Both Truss, foreign secretary, and her rival Rishi Sunak, the former chancellor, have been urged to explain how they would help households through the worst income squeeze in over 60 years and a “financial time-bomb” that is primed to detonate in the autumn.
But Truss, the frontrunner to be Britain’s next prime minister, is under most pressure after telling the Financial Times last week that she would “look at what more can be done” but adding: “The way I would do things is in a Conservative way of lowering the tax burden, not giving out handouts.”
Her ally Penny Mordaunt told Sky News on Sunday that Truss’s comments had been “misinterpreted” and that Truss would look at a range of measures to help poor households, alongside plans to reverse a £13bn national insurance increase. “She’s not ruled out all future help,” she said.
Truss said she would scrap the 1.25 percentage point NI rate rise — introduced by Sunak — in an emergency Budget expected in September.
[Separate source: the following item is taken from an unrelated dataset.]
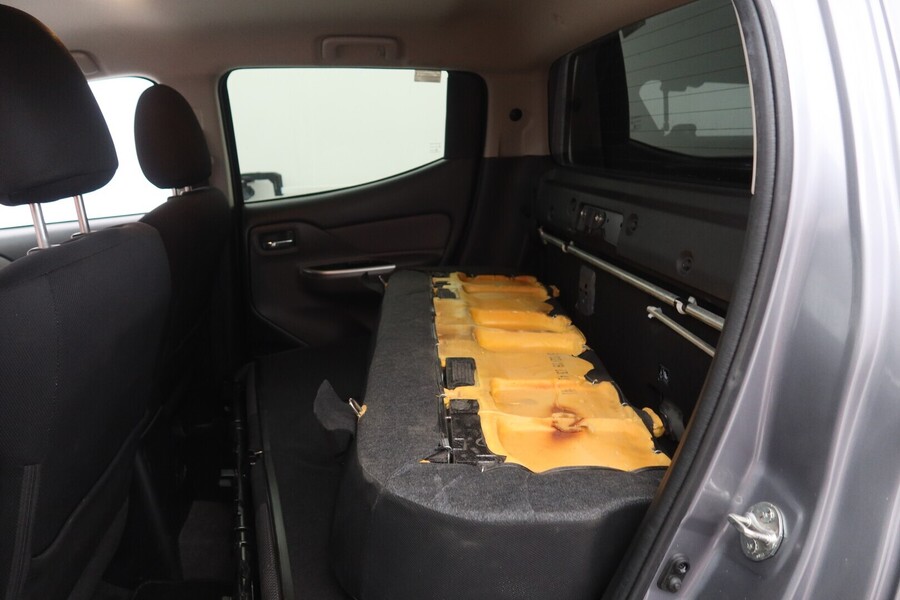 Mitsubishi L200 vaihtoauto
She wrote in the Sunday Telegraph: “We would be able to put more money back in the pockets of hard-working people without delay.”
But Sunak’s allies claimed it would take several months to implement the technical measures needed to make the change, leaving many households facing a cash crunch when a new energy price cap — possibly topping £4,000 — is applied in October.
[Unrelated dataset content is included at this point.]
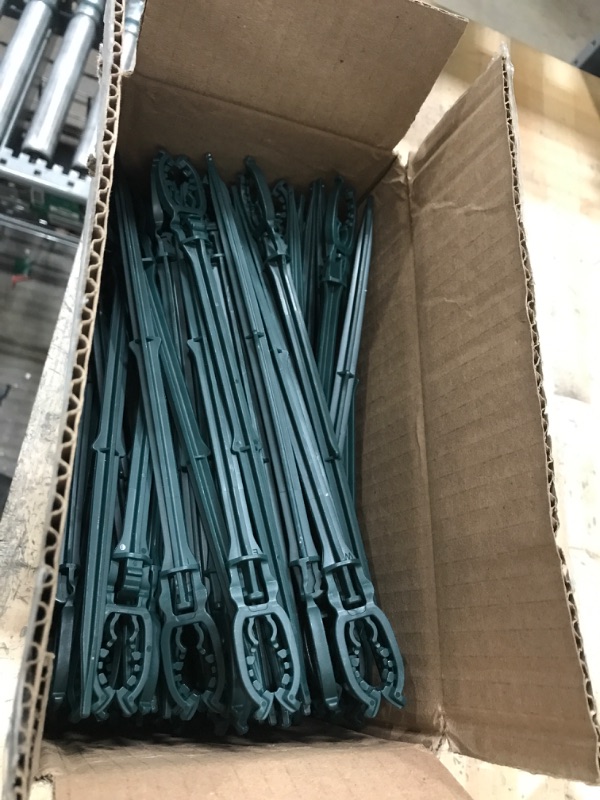 Photo 1 of 100 pack lawn stakes with clips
The former chancellor’s team also say that the cut in NI rates would not help the poorest and most of the benefits would accrue to higher earners. “Her tax cut won’t touch the sides for most families who will need the most help,” said one Sunak ally.
Sunak’s team said a person working full time on the national minimum wage would save £59 a year, while a person on median earnings of £26,000 would save £170. A person earning £100,000 would save over £1,000.
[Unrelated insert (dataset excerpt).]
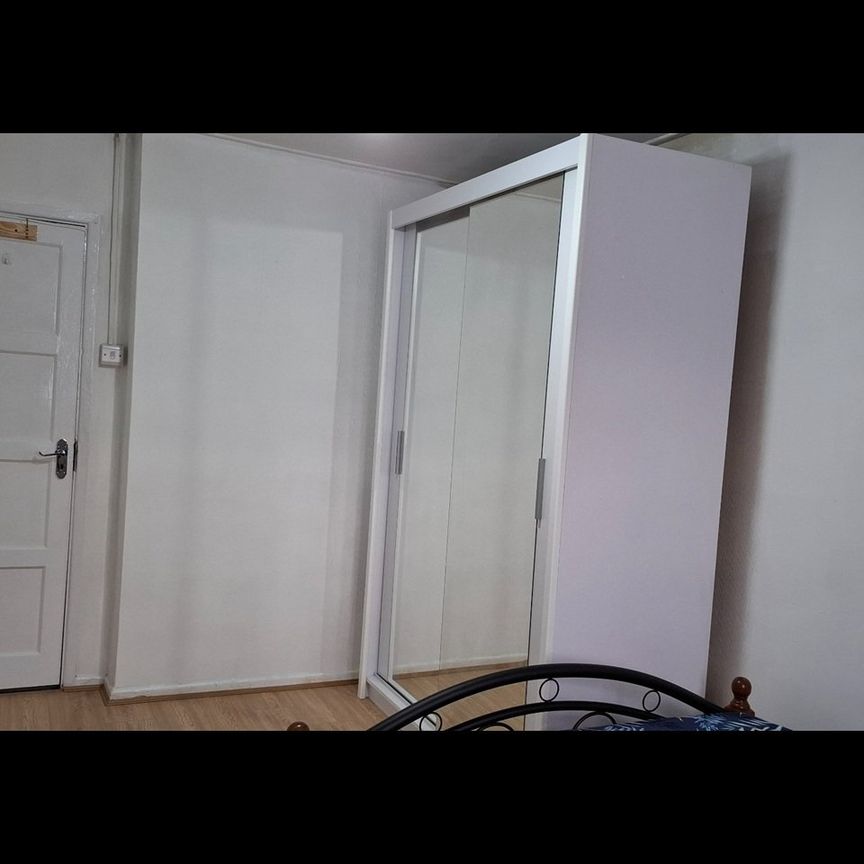 Room in a Shared Flat, St Anns.Barking, IG11 - Photo 1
Oliver Dowden, former cabinet minister and a Sunak supporter, said Truss’s tax cuts were “not fit to deal with the scale of the challenge that we are facing”. Mordaunt insisted that Truss had never excluded coming up with a much wider package of support.
Meanwhile Sunak said he would “go further” than the £1,200 he had already earmarked for vulnerable households as chancellor once it was clear how high domestic fuel bills would rise; but he was criticised for failing to give more detail.
The former chancellor has promised to cut an average of £160 off bills by temporarily scrapping VAT. But that is far smaller than the £2,000 by which the price cap of £1,971 set in April by the energy regulator could rise in October.
Gordon Brown, former Labour prime minister, said Boris Johnson should convene a meeting with Truss and Sunak to deliver an emergency Budget now. “The reality is grim and undeniable: a financial time-bomb will explode for families in October,” he wrote in the Observer.
He added: “There is nothing moral about indifferent leaders condemning millions of vulnerable and blameless children and pensioners to a winter of dire poverty.”
Torsten Bell, director of the Resolution Foundation think-tank, said: “Cuts to income taxes will make little or no difference to lower-income households, so whoever becomes prime minister will have to [offer] direct help through the benefits system or directly through lower bills.”